Math with Martin

Most teachers and students in the U.S. didn’t have math class today because of the Martin Luther King, Jr. Day holiday. But when you get back to the classroom, the online math world has some suggestions of how to incorporate ideas civil rights and justice into a math or statistics class.

Jessica Hartnett, who writes a blog about not awful and boring ideas for teaching statistics, suggests looking at public opinion polling data from the 1960s addressing attitudes towards Civil Rights protesters. (She was inspired by a Washington Post article by Elahe Izadi.) Students might be interested in comparing those attitudes to current attitudes about the Black Lives Matter movement.

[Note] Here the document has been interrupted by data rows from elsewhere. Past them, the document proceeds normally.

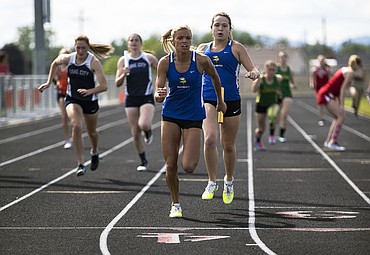 <p>LOREN BENOIT/Press Coeur dAlene High senior Emily Callahan, middle, receives the baton from Taryn Horvath during Thursdays District 1 All-Star meet. The Coeur dAlene girls won the 4x200 relay in 1:44.42, with Callahan in the anchor leg.</p>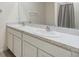 Bathroom featuring a double vanity with modern fixtures and a shower with a neutral curtain at 33922 Jasper Stone Dr, Wesley Chapel, FL 33543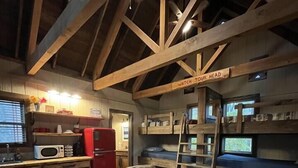 A cozy cabin interior with a sofa, wooden beams, a kitchen area, and a bunk bed. - Cherry Treesort "Trevor's Layaway" (China Grove)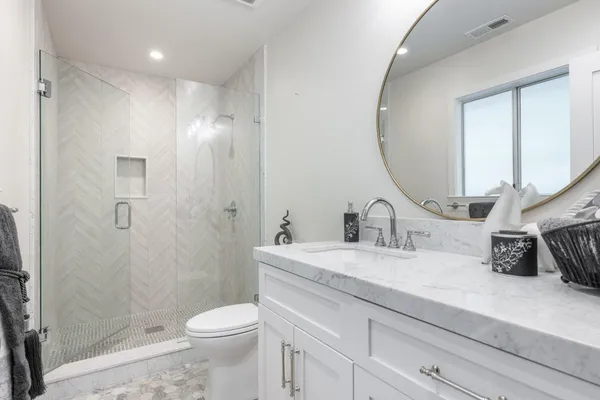 a bathroom with a sink a toilet and shower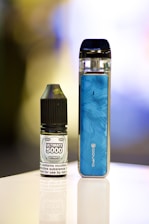 an electronic device next to a bottle of liquid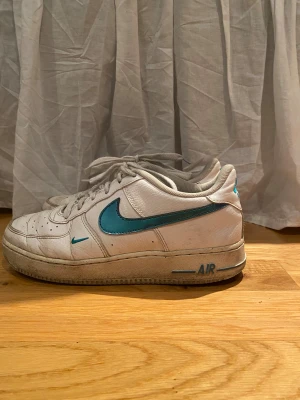Nike Air Force 1 vit med turkos swoosh - Nike Air Force 1 sneakers i vitt skinn med turkos swoosh och detaljer. Klassisk låg modell med snörning och platt sula. Snygg retrostil med tydlig Air-logga på hälen och turkosa accenter som sticker ut.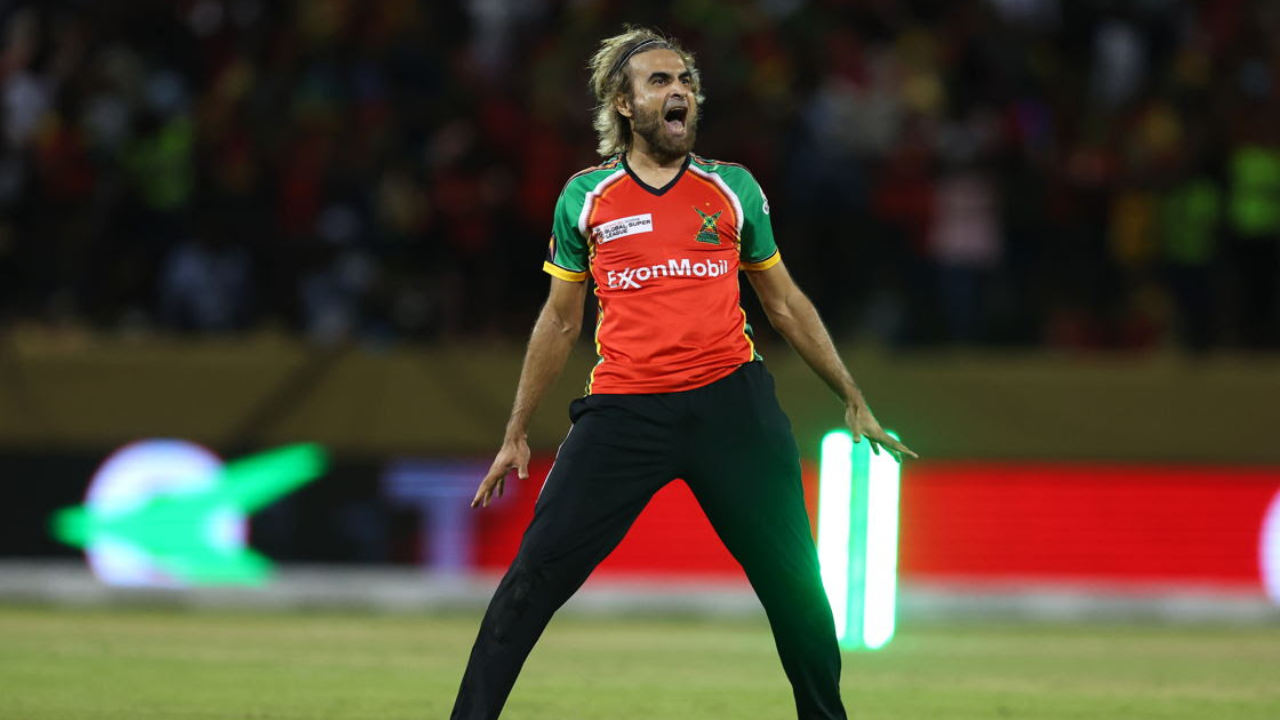 Imran Tahir celebrates during a CPL match wearing Guyana Amazon Warriors jersey on the field.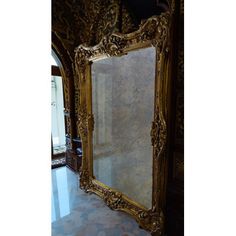 an ornate gold framed mirror sitting on top of a tiled floor next to a wall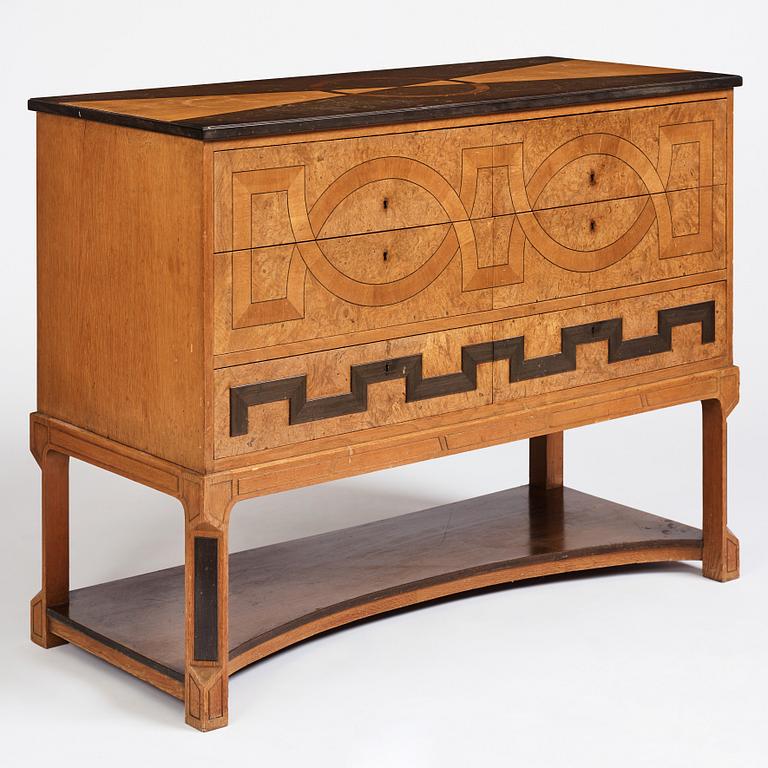 Carl Bergsten, an oak veneered sideboard/ chest of drawers, Nordiska Kompaniet Sweden 1923. Part of a set exhibited in Gothenburg 1923.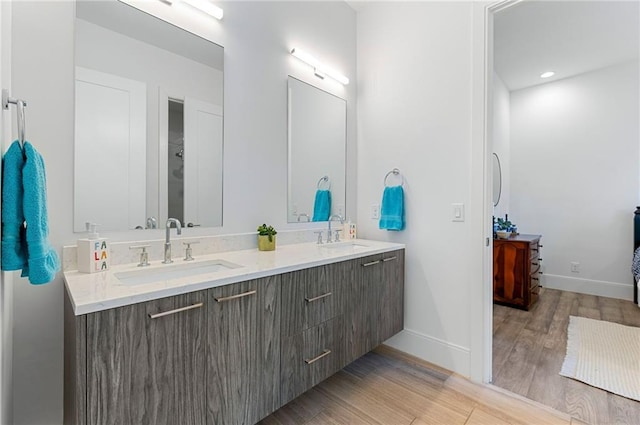 bathroom with hardwood / wood-style flooring and vanity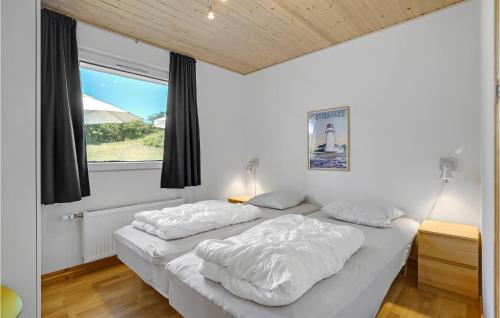 two beds in a white room with a window at Amazing Home In Knebel With Private Swimming Pool, Can Be Inside Or Outside in Skødshoved Strand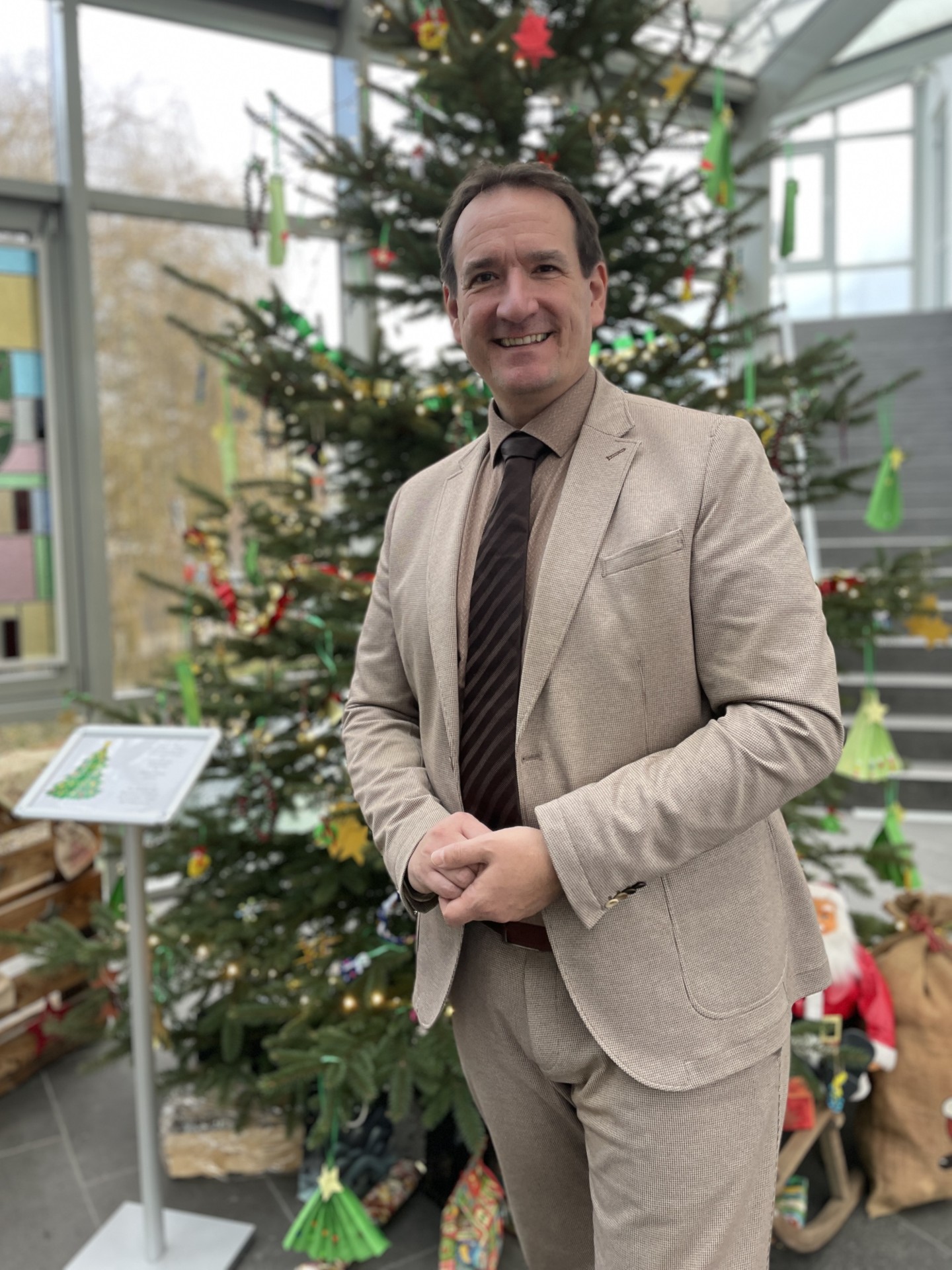 Bürgermeister Thomas Przybylla steht im Foyer des Rathauses vor dem geschmückten Weihnachtsbaum.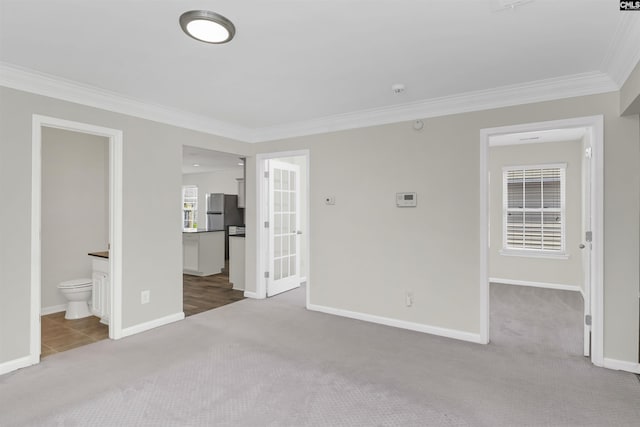 unfurnished bedroom featuring light colored carpet, ornamental molding, freestanding refrigerator, connected bathroom, and baseboards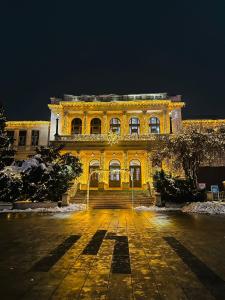 ein großes gelbes Gebäude mit einer Treppe davor in der Unterkunft The Riverside Harmony Sarajevo - Parking available - Walk everywhere in Sarajevo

The Stats Medic, a site that helps provide middle- and high-school math teachers with resources and ideas for statistics lessons, has a suggested Martin Luther King, Jr. Day lesson about poverty and educational outcomes.

Annie Perkins, a math educator in Minneapolis and author of the arbitrarily close blog, has been hosting a discussion of The New Jim Crow by Michelle Alexander as part of a #MTBoS (math Twitter blogosphere) book club. The book discusses the way the war on drugs continues the country’s shameful legacy of white supremacy and racial injustice. I read it not too long ago and can attest it is eye-opening and enraging. Perkins shared a discussion she had with some students about statistics from the book, and today she is writing an extensive Twitter thread about the book. The official discussion will take place on January 20 in person for Twin Cities residents and on Twitter for the rest of us.

Though it may be too late to incorporate any of these posts into your lesson plans for tomorrow, the good news is that any day is a good day to talk about Civil Rights history, Dr. King’s legacy, and current issues of racial justice.

King himself, in addition to well-known works such as the “I Have a Dream” speech and the Letter from a Birmingham Jail, wrote about his views on education for the Morehouse College newspaper the Maroon Tiger in 1947. His words are relevant to teachers in any subject: “The function of education, therefore, is to teach one to think intensively and to think critically. But education which stops with efficiency may prove the greatest menace to society. The most dangerous criminal may be the man gifted with reason, but with no morals.” As you ponder his writing about education or any other topic, make sure to think before co-opting his words, as math educator José Luis Vilson writes at Educolor.